What the exercise asks >> Copy out exactly, and only, the lines from the one containing "Witte sneeuwvlokken, rood, Jouw" through the end of the entries. No pictures.

Excerpted data >>

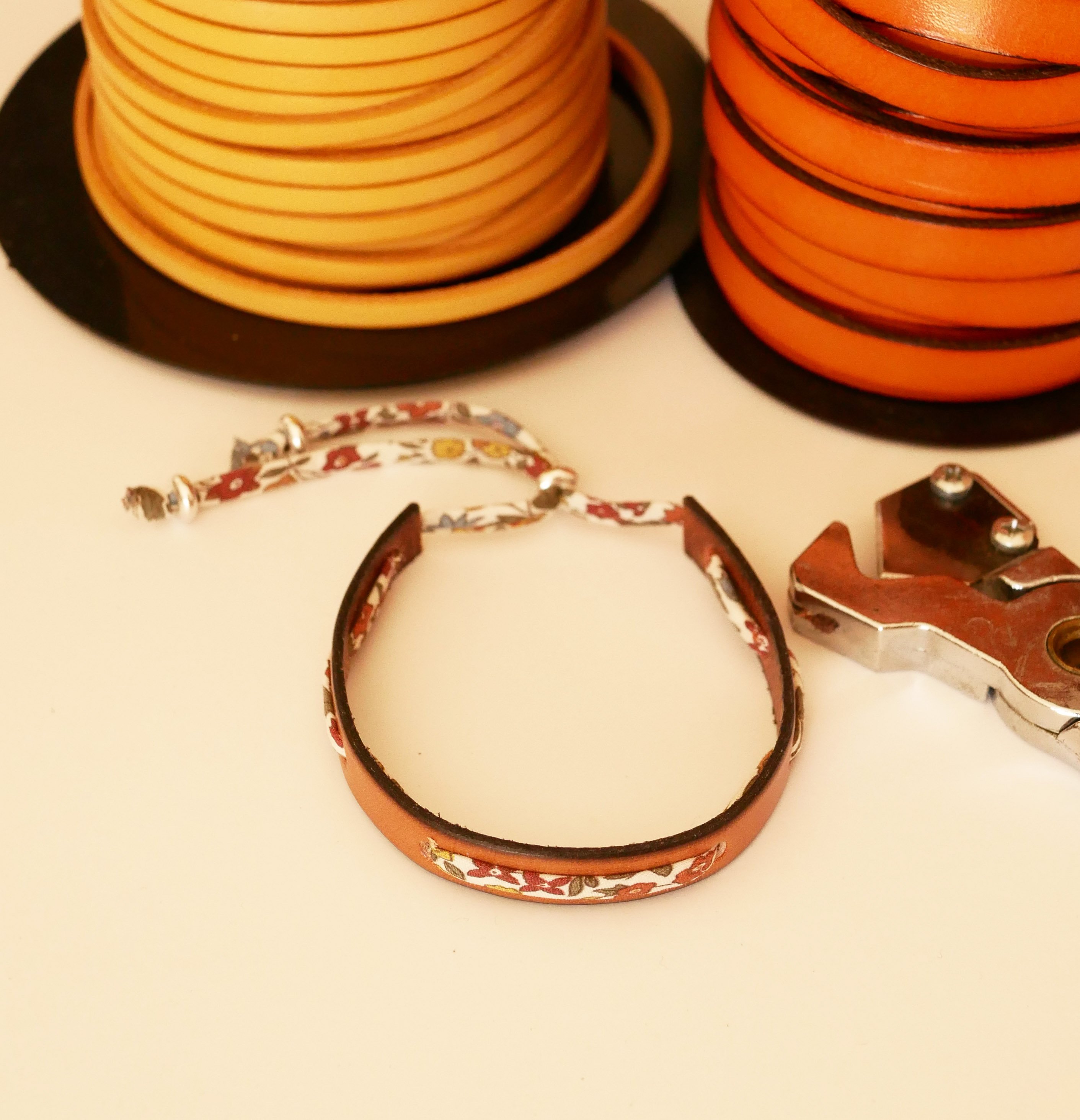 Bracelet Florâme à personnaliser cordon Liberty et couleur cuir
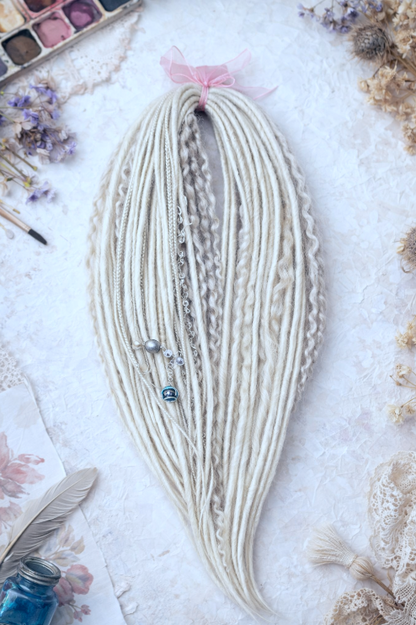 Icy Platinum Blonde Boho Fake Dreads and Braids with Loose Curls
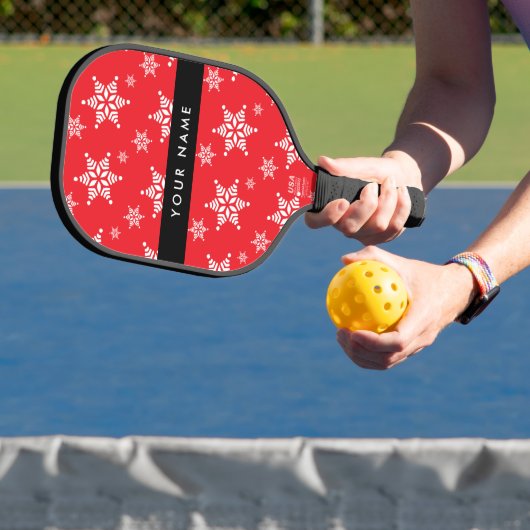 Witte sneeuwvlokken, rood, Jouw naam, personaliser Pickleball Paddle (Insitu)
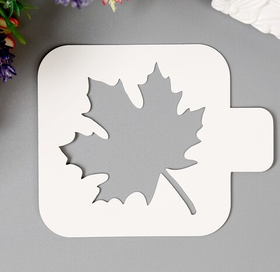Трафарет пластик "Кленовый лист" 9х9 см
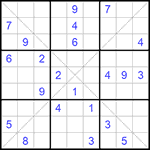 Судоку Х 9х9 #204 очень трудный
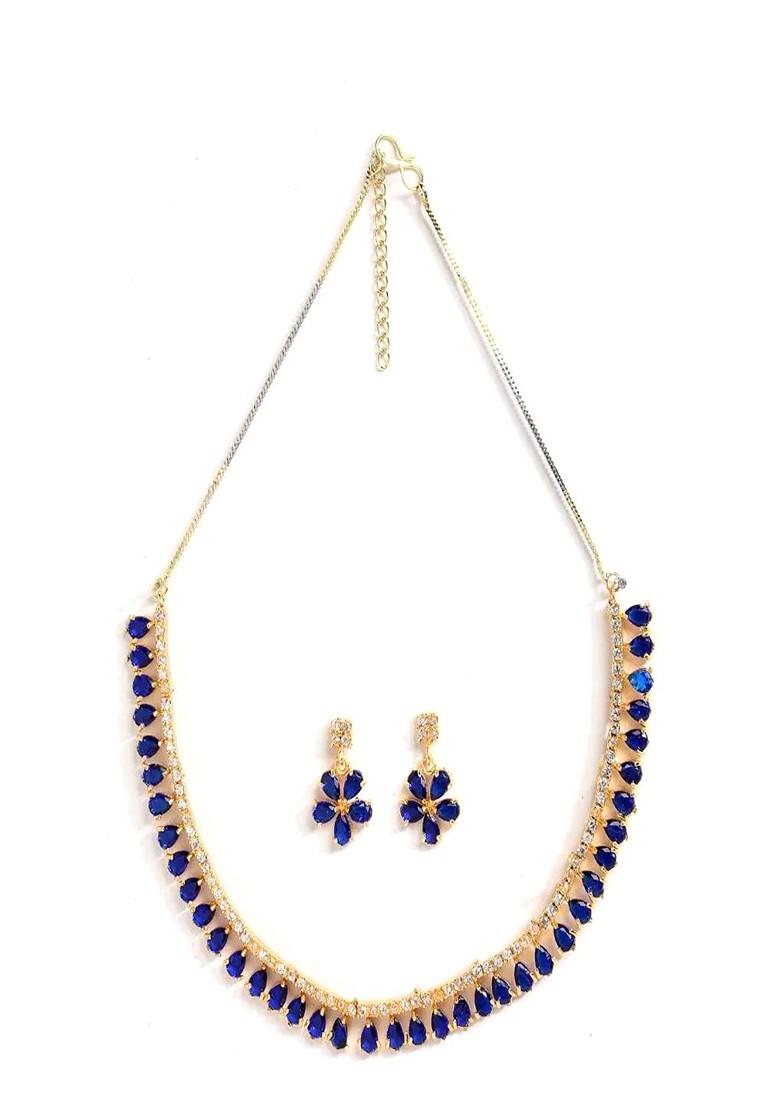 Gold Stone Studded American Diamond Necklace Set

Result of this task >>
 Witte sneeuwvlokken, rood, Jouw naam, personaliser Pickleball Paddle (Insitu)
Трафарет пластик "Кленовый лист" 9х9 см
 Судоку Х 9х9 #204 очень трудный
 Gold Stone Studded American Diamond Necklace Set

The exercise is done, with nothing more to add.